Inky and Winky make their most famous theatrical appearance in this short, which is occasionally mistaken for their only appearance. They actually debuted in Felix the Cat Weathers the Weather (1926), returning in several more 1920s shorts before April Maze. Sometimes three kittens were used, in which case the third was called Dinky. In Eskimotive (1928), Inky appeared solo.

In the 1950s, two nephews appeared with Felix in their own comic books. There Inky and Dinky were used. The most common pairing of Inky and Winky began several years later.

Although Felix's nephews do not appear in the early-1960s and mid-1990s TV series, they have a considerable role in the online comics, making them among the principal characters in the Felix media.

==Reception==
As animation historian John Canemaker, in his book Felix: The Twisted Tale of the World's Most Famous Cat criticised the short, writing:

April Maze, exemplifies the creative dilemma placed on Messmer, who attempted to make sound films that could compete with Disney but was saddled with the postsync method.
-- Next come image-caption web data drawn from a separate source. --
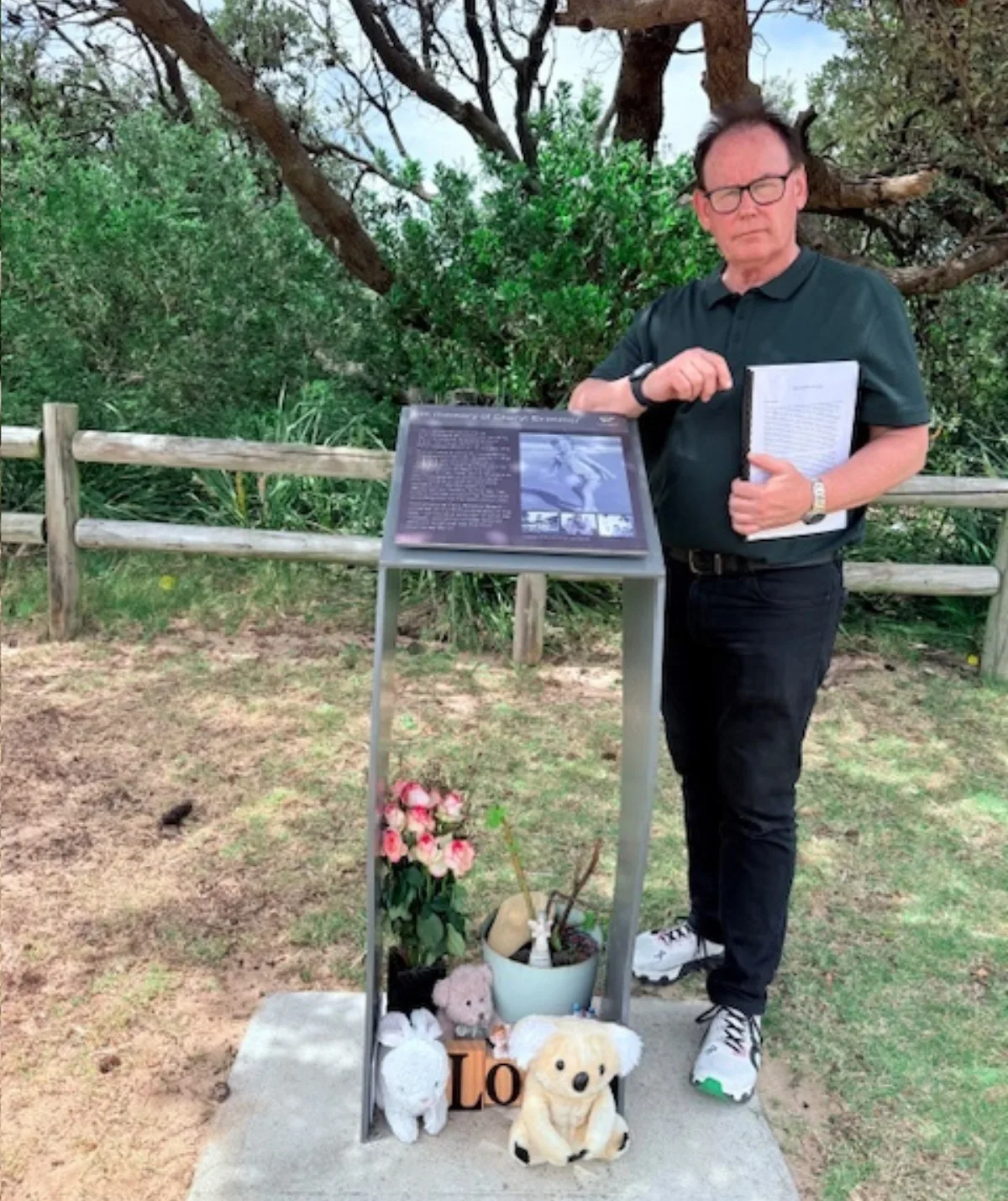 A man stands a memorial.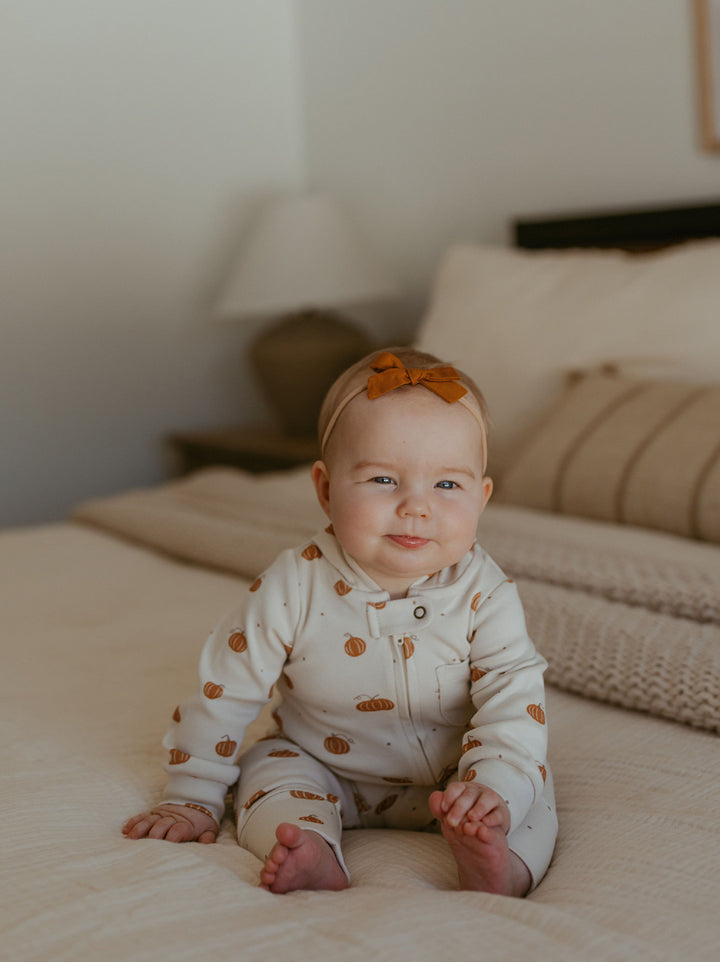 Child wearing Organic Hooded Zipper Romper in Pumpkin Spice.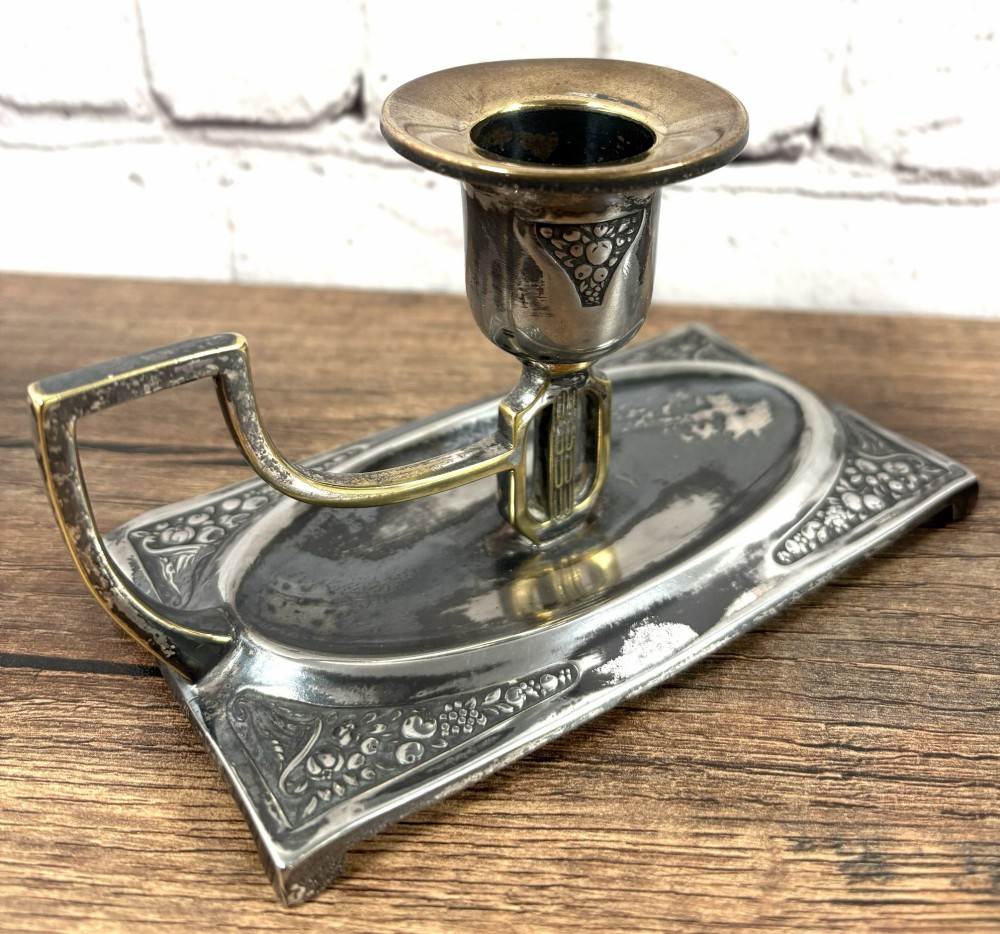 A pair of antique Art Nouveau WMF chambersticks crafted from aged silver-coloured metal with brass geometric handles and relief bases. View II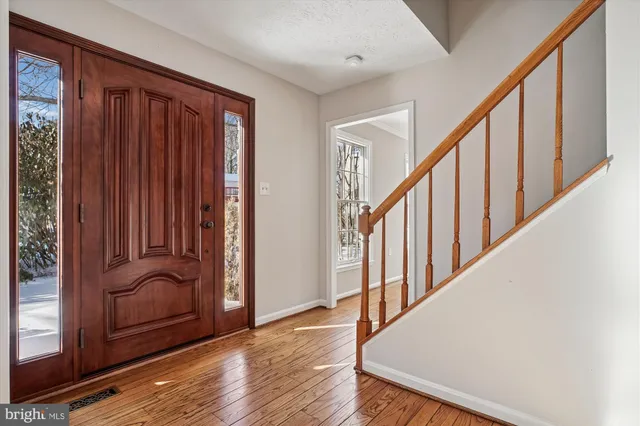 a view of an entryway with wooden floor and stairs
The film's opening scene resembles a Silly Symphony as a butterfly (animated with large floppy wings) bounces interminably from flower to flower. Next, the flowers dance in a repeated cycle before their petals form hands and they applaud themselves. This 'overture' seems to say, 'Look, I'm a sound cartoon just like Disney'; unfortunately it also calls attention to the on-again, off-again synchronization, and worse, it delays the appearance of Felix... In April Maze, a now thoroughly domesticated Felix, seems to have lost his edge. In the role as a good daddy, he is boring, lacks zest and his old magical resourcefulness; metamorphosis is used sparingly without the pleasing surprises of years past. Supporting characters (a rabbit, snake, bear, and stork) dominate the screen footage; the film meanders and has lost and exhausted quality to it.